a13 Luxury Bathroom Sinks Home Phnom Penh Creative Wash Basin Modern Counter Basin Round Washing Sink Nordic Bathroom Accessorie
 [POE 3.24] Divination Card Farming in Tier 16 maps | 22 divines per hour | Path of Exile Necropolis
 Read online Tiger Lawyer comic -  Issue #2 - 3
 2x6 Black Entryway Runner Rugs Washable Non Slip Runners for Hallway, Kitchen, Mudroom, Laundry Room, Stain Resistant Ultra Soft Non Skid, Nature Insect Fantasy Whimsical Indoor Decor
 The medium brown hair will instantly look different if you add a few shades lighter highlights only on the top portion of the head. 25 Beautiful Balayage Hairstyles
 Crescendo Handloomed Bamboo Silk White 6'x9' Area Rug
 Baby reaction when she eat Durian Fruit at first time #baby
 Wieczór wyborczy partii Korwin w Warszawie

The problem: Reproduce, exactly as they stand in the data above, the lines from the one that holds "[POE 3.24] Divination" to the one that holds "2x6 Black Entryway", inclusive.

Answer to the exercise:
 [POE 3.24] Divination Card Farming in Tier 16 maps | 22 divines per hour | Path of Exile Necropolis
 Read online Tiger Lawyer comic -  Issue #2 - 3
 2x6 Black Entryway Runner Rugs Washable Non Slip Runners for Hallway, Kitchen, Mudroom, Laundry Room, Stain Resistant Ultra Soft Non Skid, Nature Insect Fantasy Whimsical Indoor Decor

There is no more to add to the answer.